1 Introduction

The famous theorem of Jung states that any set with diameter \(1\) in \(\mathbb R ^d\) can be covered by the ball of radius \(R_d=\sqrt{\tfrac{d}{2(d+1)}}\) (see [3]).

The proof of this theorem is based on Helly’s theorem:

Theorem 1

(Helly’s theorem) Let \(\fancyscript{P}\) be a family of convex compact sets in \(\mathbb R ^d\) such that an intersection of any \(d+1\) of them is not empty. Then the intersection of all of the sets from \(\fancyscript{P}\) is not empty.

Helly’s theorem has many generalizations. Katchalski and Liu in 1979 [8] proved a “fractional” version of Helly’s theorem and Kalai in 1984 [7] gave the strongest version of it. In 1979, Lovász suggested a “colorful” version of Helly’s theorem. In this paper, we give analogous generalizations of Jung’s theorem.

2 The Fractinal Version of Jung’s Theorem

Let us recall the fractional version of Helly’s theorem.

Theorem 2

(Katchalski and Liu [8]) For every \(d \ge 1\) and every \(\alpha \in (0,1]\) there exists a \(\beta = \beta (d,\alpha ) > 0\) with the following property. Let \(\mathcal X _1,\mathcal X _2,\ldots ,\mathcal X _n\) be convex sets in \(\mathbb R ^d\) such that \(\bigcap \mathcal X _i \ne \emptyset \) for at least \(\alpha C_n^{d+1}\) index sets \(I \subseteq [n]\) of size \((d + 1)\). Then there exists a point contained in at least \(\beta n\) sets among \(\mathcal X _i\).

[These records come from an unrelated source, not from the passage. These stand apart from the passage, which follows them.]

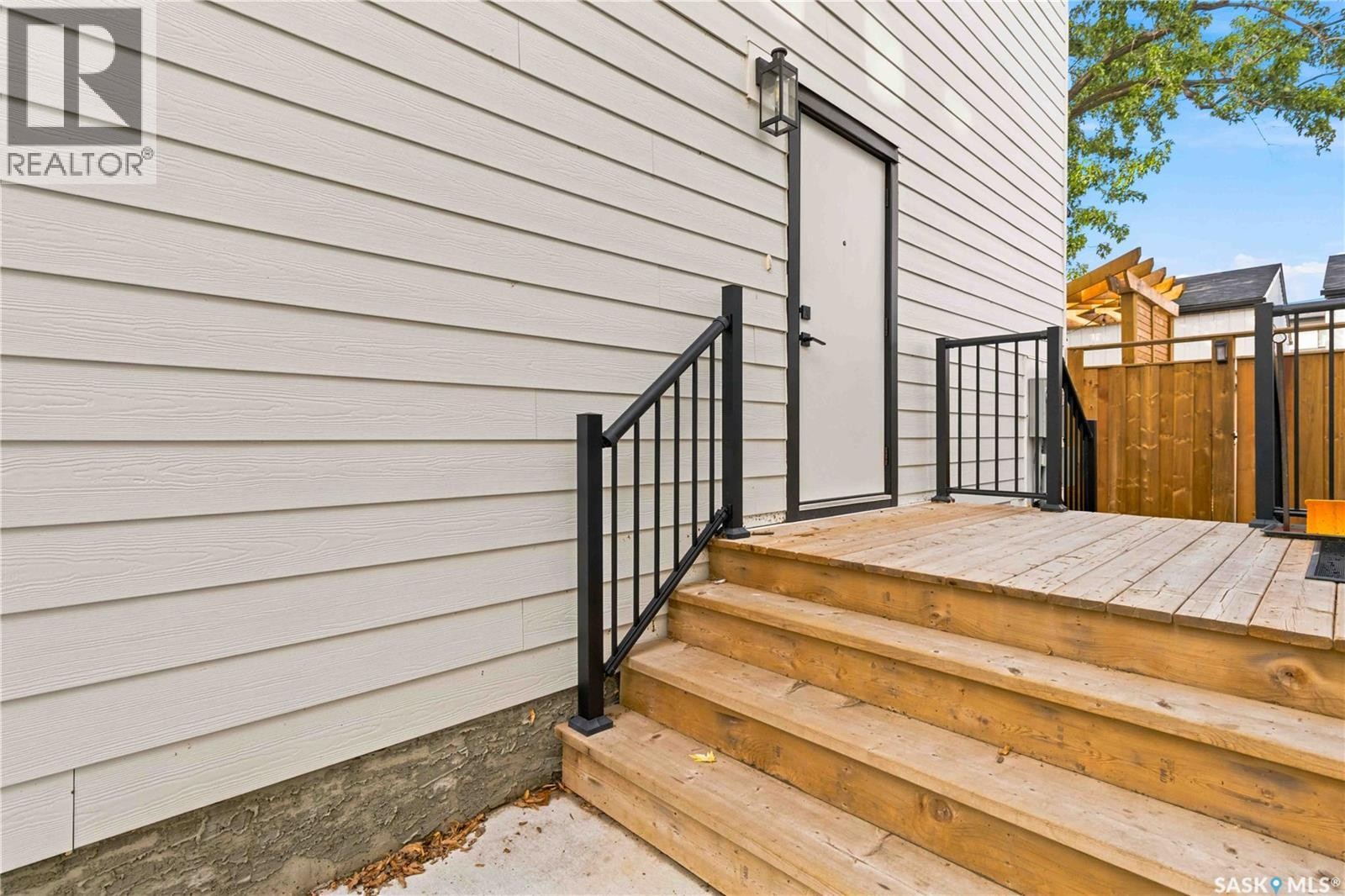 729 1St Street E, Saskatoon, SK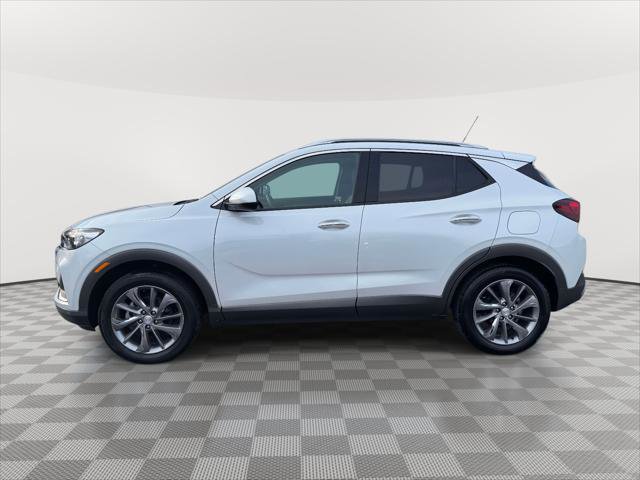 Used 2023 Buick Encore GX Essence w/ Experience Buick Package image 4
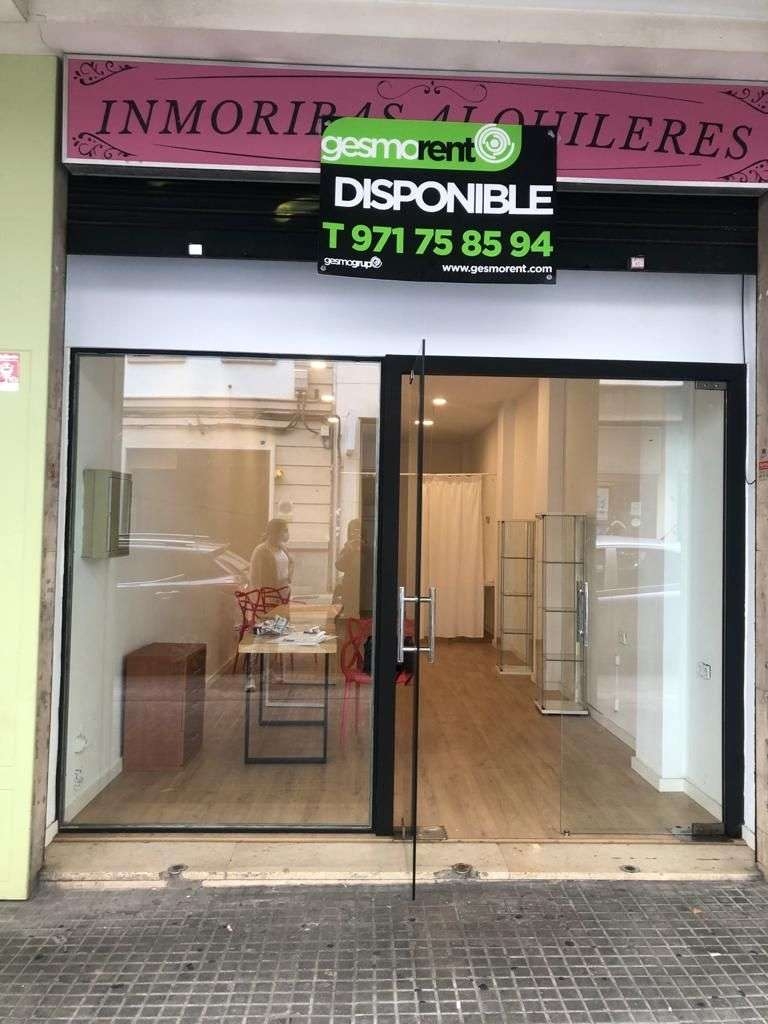 Eravending comienza las obras de su nueva tienda Abierto 25 horas Eravending comienza las obras de su nueva tienda Abierto 25 horas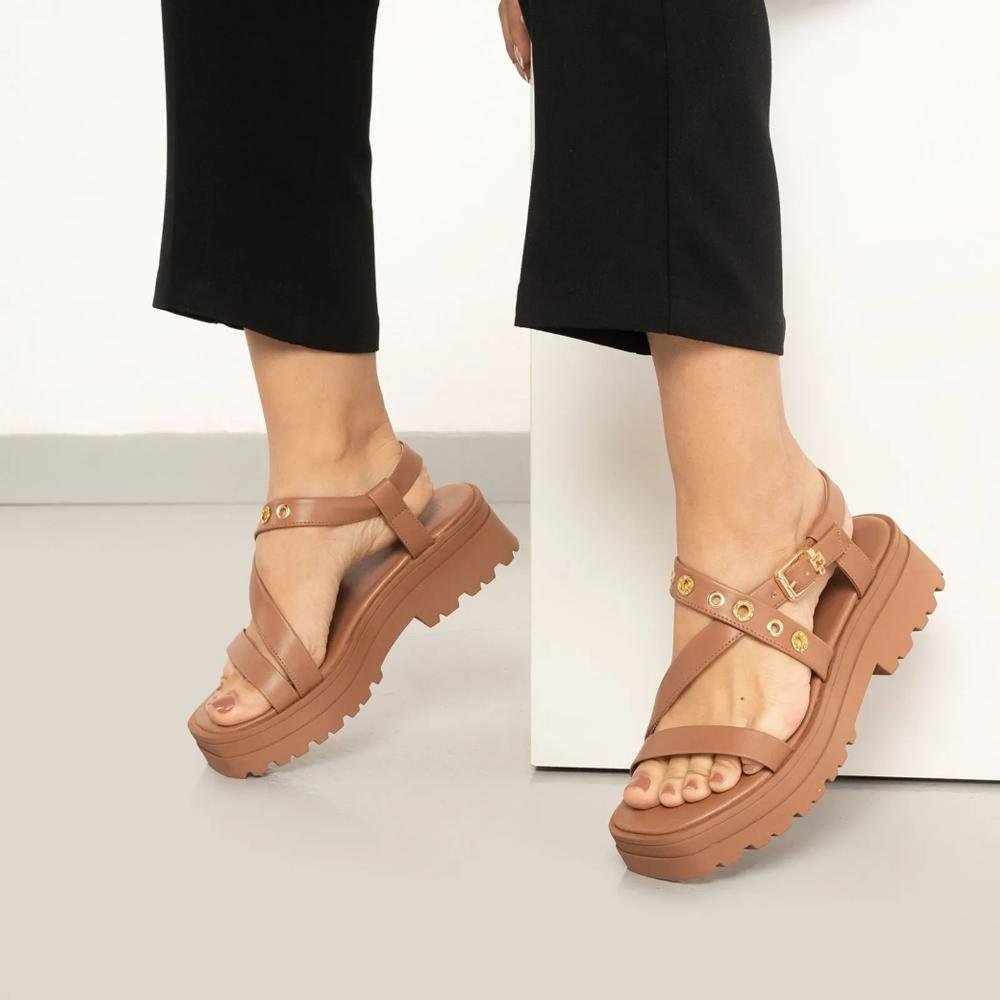 Sandália Ramarim Plataforma Tratorada Feminina Marrom 8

The best possible value of \(\beta (d,\alpha )\) is \(1 - (1 - \alpha )^{1/(d+1)}\) [7] and, in particular, \(\beta \rightarrow 1\) as \(\alpha \rightarrow 1\).

Using this we can prove the fractional version of Jung’s theorem.

Theorem 3

For every \(d \ge 1\) and every \(\alpha \in (0,1]\) there exists a \(\beta = \beta (d,\alpha ) > 0\) with the following property. Let \(\mathcal V \) be an \(n\)-point set in \(\mathbb R ^d\) such that for at least \(\alpha C^2_n\) of pairs \(\{x,y\}\) (\(x, y \in \mathcal V \)) the distance between \(x\) and \(y\) is less than \(1\). Then there exists a ball of radius \(R_d\), which covers \(\beta n\) points of \(\mathcal V \). Moreover, \(\beta \rightarrow 1\) as \(\alpha \rightarrow 1\).

Proof

Let us show that \(\beta >0\) exists.

We construct a graph \(G\) on points of \(V\) as vertices. Two vertices of \(G\) are connected if and only if the distance between the points is not greater than \(1\).

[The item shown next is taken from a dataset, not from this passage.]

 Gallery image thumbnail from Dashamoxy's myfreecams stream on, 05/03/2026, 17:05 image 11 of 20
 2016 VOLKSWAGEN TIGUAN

Then the degree of some vertex \(v\) of \(G\) is not less than \(\alpha (n-1)\). The ball with center at the point corresponding to \(v\) and radius \(1\) contains at least \(\alpha (n-1)+1\) points of \(\mathcal V \). Any ball of radius \(1\) can be covered by \(c_d\) balls of radius \(R_d\), where \(c_d\) is a constant depending only on the dimension \(d\). Then one of these balls should cover more than \(\frac{\alpha (n-1)}{c_d}\) points of the set \(\mathcal V \). Therefore the statement of the theorem holds for \(\beta ={\alpha }/{2c_d}\), because

$$\begin{aligned} \frac{\alpha }{2c_d}n<\frac{\alpha (n-1)}{c_d}. \end{aligned}$$

Note that this argument works for any radius \(R\) not necessarily equal to \(R_d\).

Let us show that \(\beta \rightarrow 1\) as \(\alpha \rightarrow 1\). Any pair of vertices belongs to \(C_{n-2}^{d-1}\) subsets of \(d+1\) vertices. Therefore, if there are at most \((1-\alpha )C^2_n\) empty edges in \(G\), then the number of incomplete subgraphs on \(d+1\) vertices is not greater than

$$\begin{aligned} (1-\alpha )C^2_nC_{n-2}^{d-1}=(1-\alpha )C_n^{d+1}C^2_{d+1}. \end{aligned}$$

We see that among the \(C_n^{d+1}\) subgraphs of \(d+1\) vertices at least \(\alpha ^{\prime }C_n^{d+1}\) are full, where \(\alpha ^{\prime }=1-(1-\alpha )C^2_{d+1}\).

Consider the family \(\fancyscript{B}\) of \(n\) balls of radius \(R_d\) with centers at the points of \(\mathcal V \). If the distances between the centers of some set of balls is no greater than \(1\), then these balls have nonempty intersection (because Jung’s theorem implies that these centers can be covered by a ball of radius \(R_d\)). Therefore, among \(C^{d+1}_n\) subsystems of \(d+1\) balls from \(\fancyscript{B}\), at least \(\alpha ^{\prime }C_n^{d+1}\) have nonempty intersection. From fractional Helly’s theorem, it follows that there is a point which belongs to \(\beta (d,\alpha ^{\prime })n\) balls. The ball with the center at this point and radius \(R_d\) covers \(\beta n\) points of \(\mathcal V \). To conclude the proof, we note that \(\alpha ^{\prime }\) tends to \(1\), as \(\alpha \rightarrow 1\). The result of Kalai now implies that \(\beta (d,\alpha ^{\prime })\) also tends to \(1\). \(\square \)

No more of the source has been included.